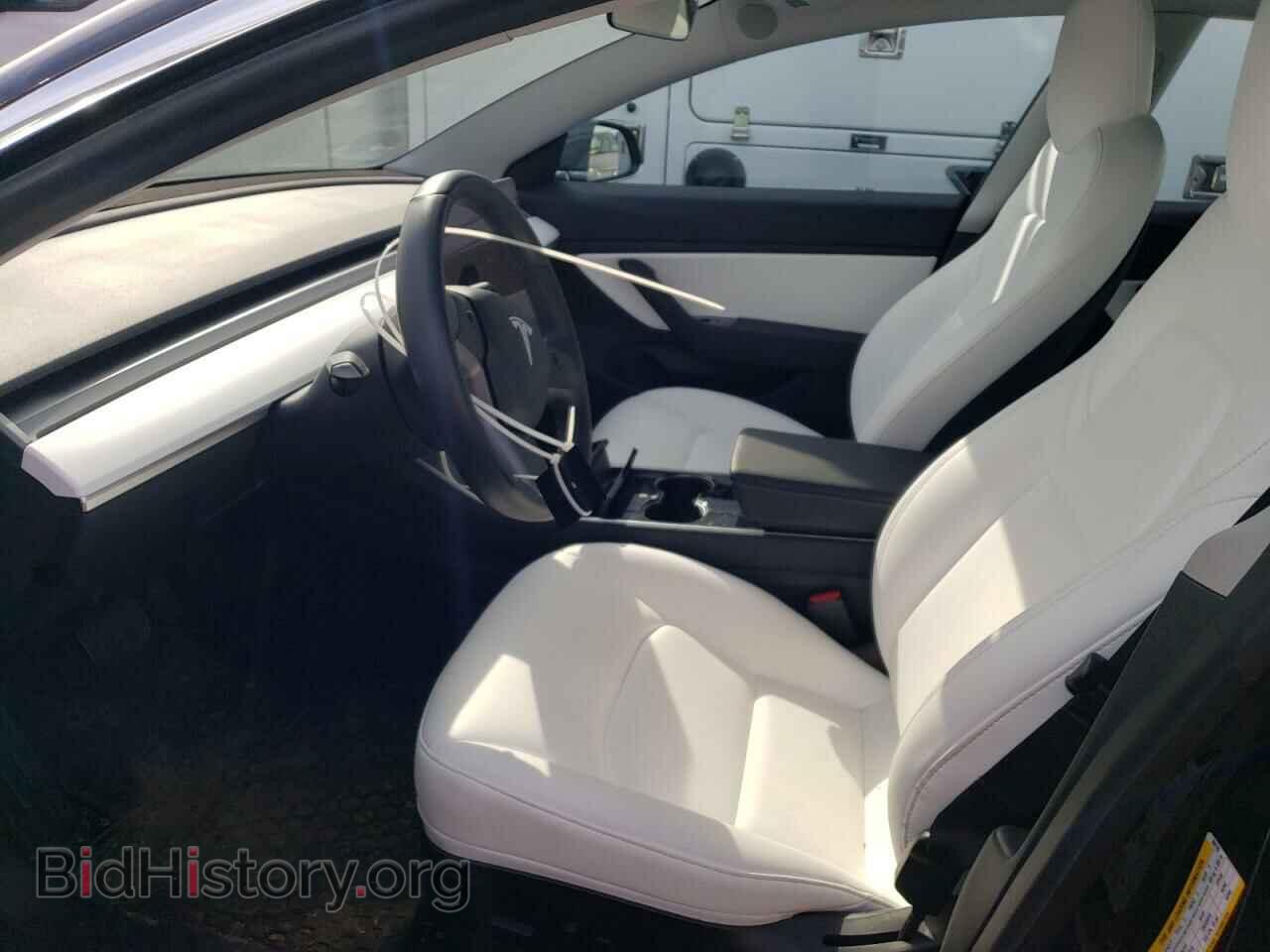 2019 TESLA MODEL 3 - VIN: 5YJ3E1EA1KF302102 - Фото 7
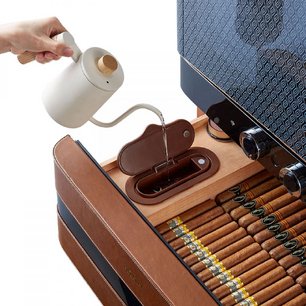 Хьюмидор Afidano L6 (Коньячная кожа) фото 4 в Новосибирске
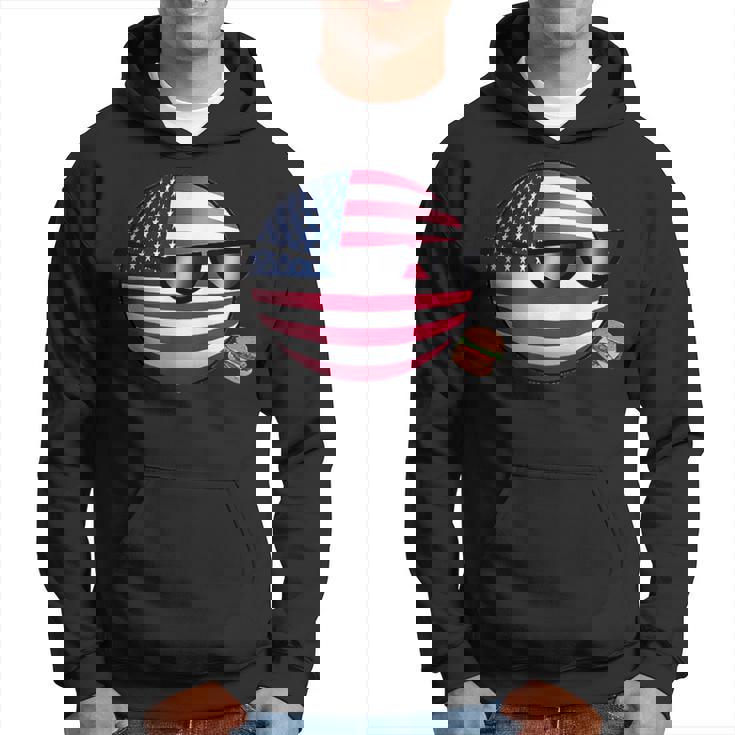 ポーランドボールusa パーカー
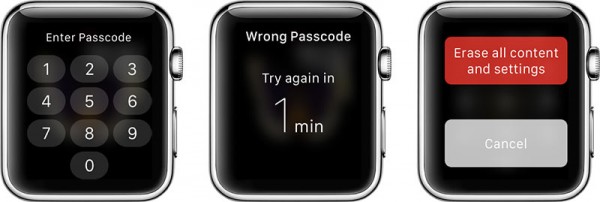 Apple Watch 不支持激活锁 被偷后保障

#### EXERCISE OBJECTIVE
Line by line, reproduce the material above exactly, leaving each picture out.

#### RESULT OF THE EXERCISE
 2019 TESLA MODEL 3 - VIN: 5YJ3E1EA1KF302102 - Фото 7
 Хьюмидор Afidano L6 (Коньячная кожа) фото 4 в Новосибирске
 ポーランドボールusa パーカー
 Apple Watch 不支持激活锁 被偷后保障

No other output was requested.